Exercise goal -
Transcribe, exactly and in full, every record shown below, while omitting its images.

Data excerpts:
◆ ◆ ◆ ◆ ◆
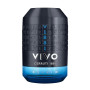 Cerruti Vivo Elixir Homme Epv 60ml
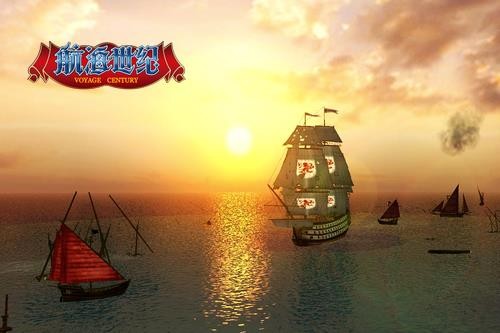 ������������ͼƬ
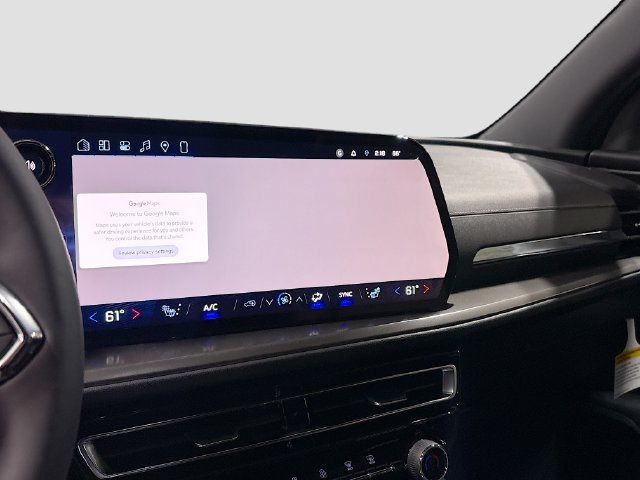 New 2026 Chevrolet Traverse LT FWD image 15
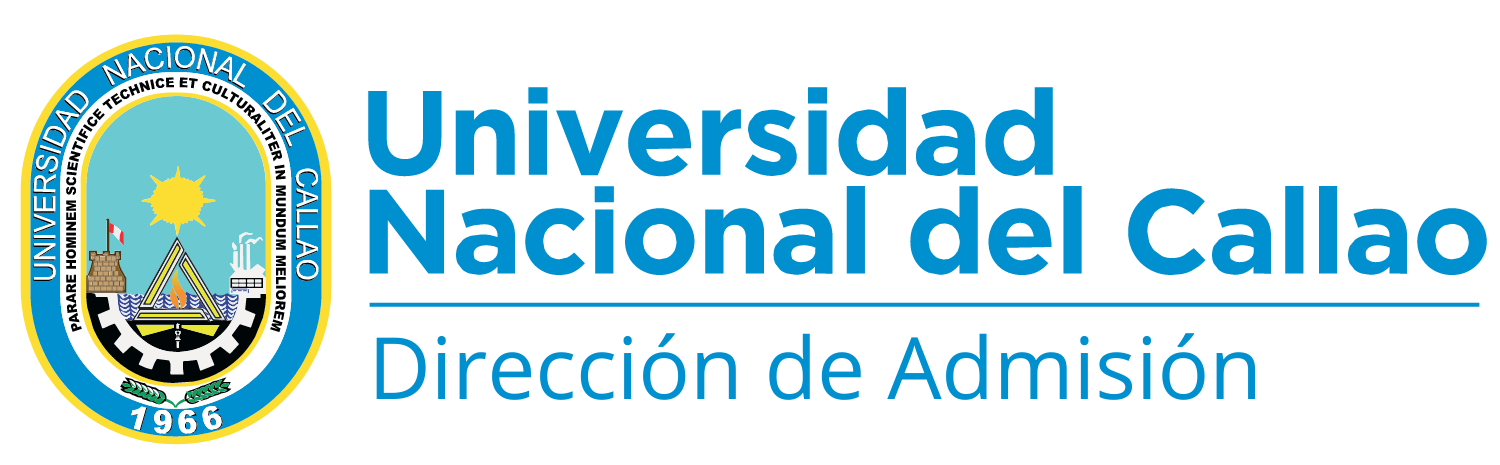 Logo colaborador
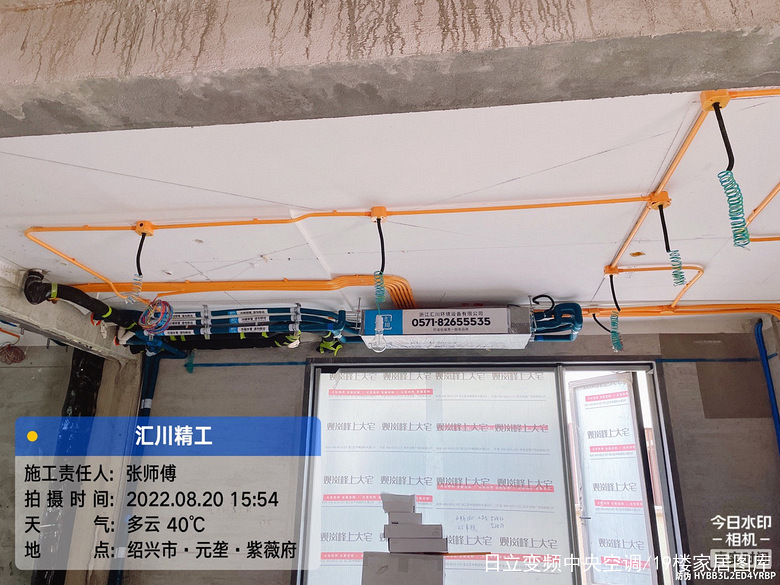 ���㴨�꡿��ޱ��&mdash;��װ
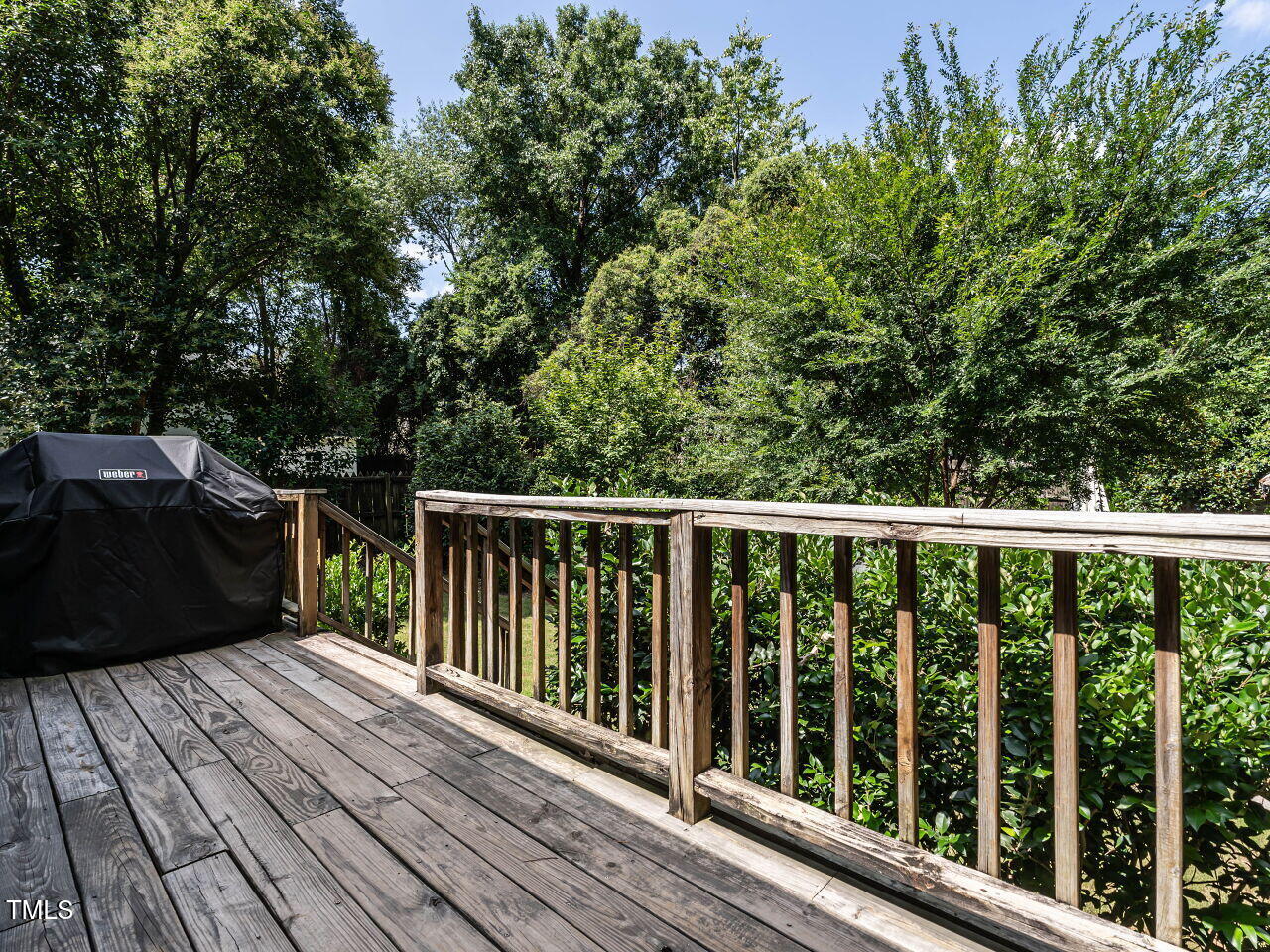 1813 Ridley Street Raleigh, NC 27608 - Photo 23 of 30 023-1280x960-deck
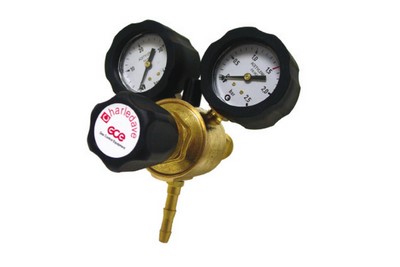 Photo de l'article M0939 DETENDEUR MINIDAVE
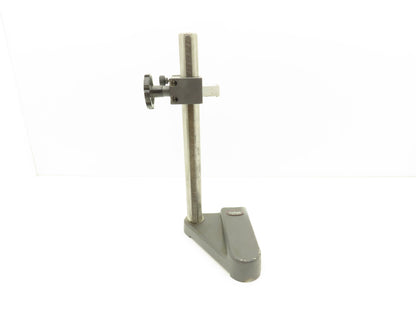 Mahr 6710803 ST-D Measuring Stand 300mm w/Mount for Marsurf PS10 Roughness Gage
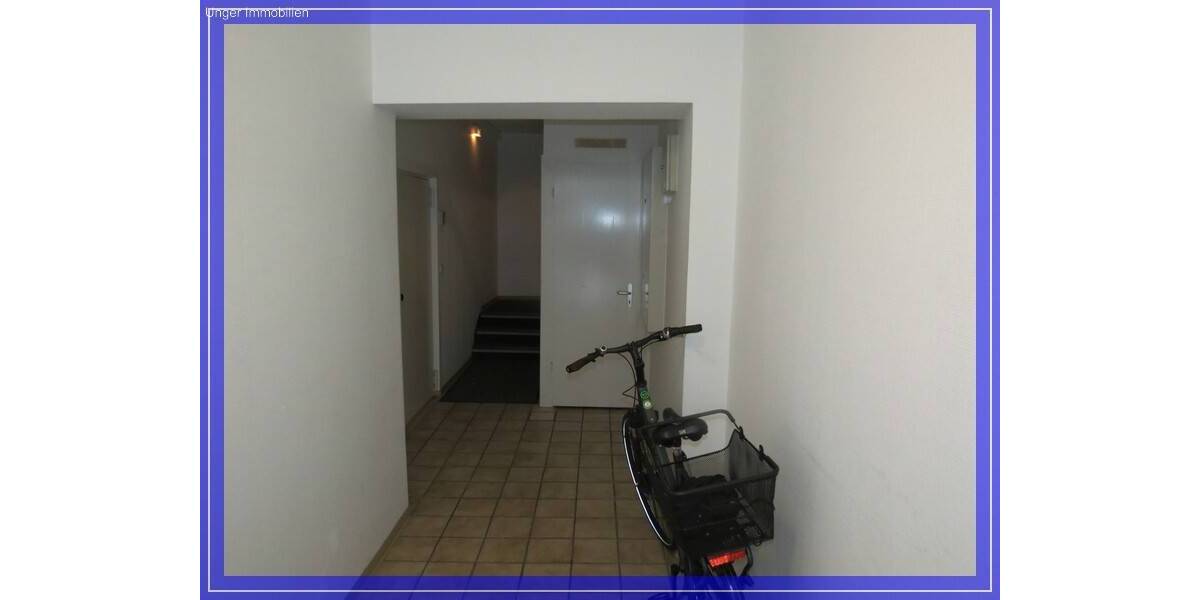 Mehrfamilienhaus, Wohnhaus Goslar Altstadt - 1 Zimmer, 430 m&sup2;, 880.000&euro; | Angebot:25770626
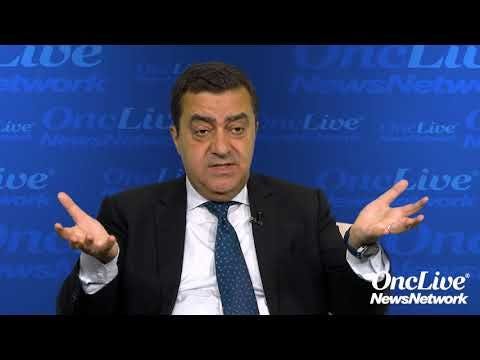 Practical Implications of CAR T-Cell Therapy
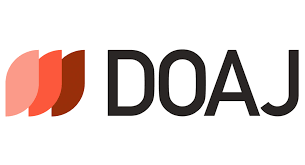 DOAJ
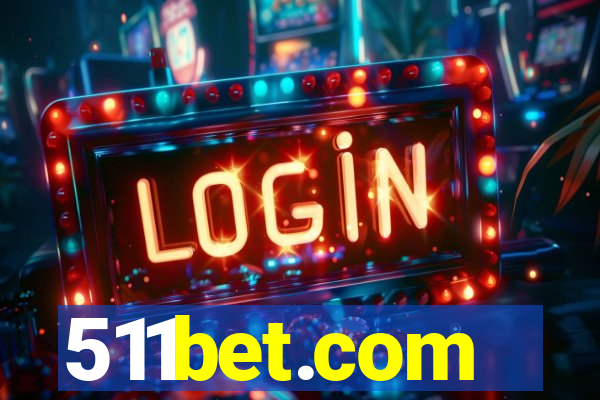 511bet.com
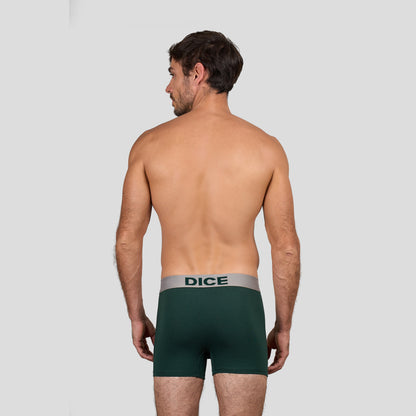 DM 303 Fashionable Colorful Boxer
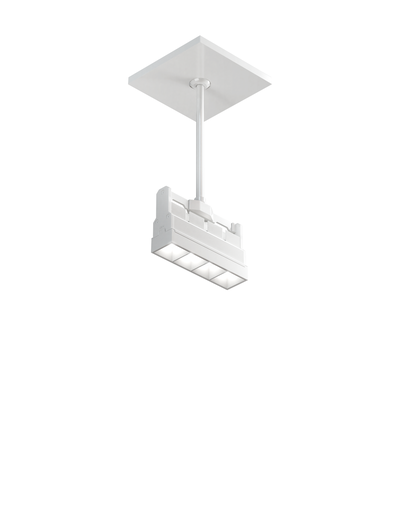 Micro MultiCell Pendant product image 3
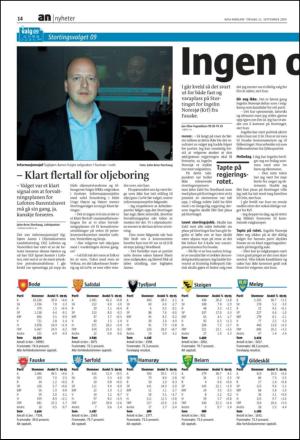 avisanordland-20090915_000_00_00_014.pdf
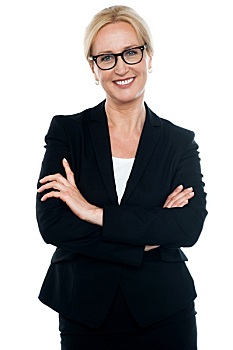 kết quả xổ số miền nam thứ ba hàng tuần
◆ ◆ ◆ ◆ ◆
Response area -
 Cerruti Vivo Elixir Homme Epv 60ml
 ������������ͼƬ
 New 2026 Chevrolet Traverse LT FWD image 15
 Logo colaborador
 ���㴨�꡿��ޱ��&mdash;��װ
 1813 Ridley Street Raleigh, NC 27608 - Photo 23 of 30 023-1280x960-deck
 Photo de l'article M0939 DETENDEUR MINIDAVE
 Mahr 6710803 ST-D Measuring Stand 300mm w/Mount for Marsurf PS10 Roughness Gage
 Mehrfamilienhaus, Wohnhaus Goslar Altstadt - 1 Zimmer, 430 m&sup2;, 880.000&euro; | Angebot:25770626
 Practical Implications of CAR T-Cell Therapy
 DOAJ
 511bet.com
 DM 303 Fashionable Colorful Boxer
 Micro MultiCell Pendant product image 3
 avisanordland-20090915_000_00_00_014.pdf
 kết quả xổ số miền nam thứ ba hàng tuần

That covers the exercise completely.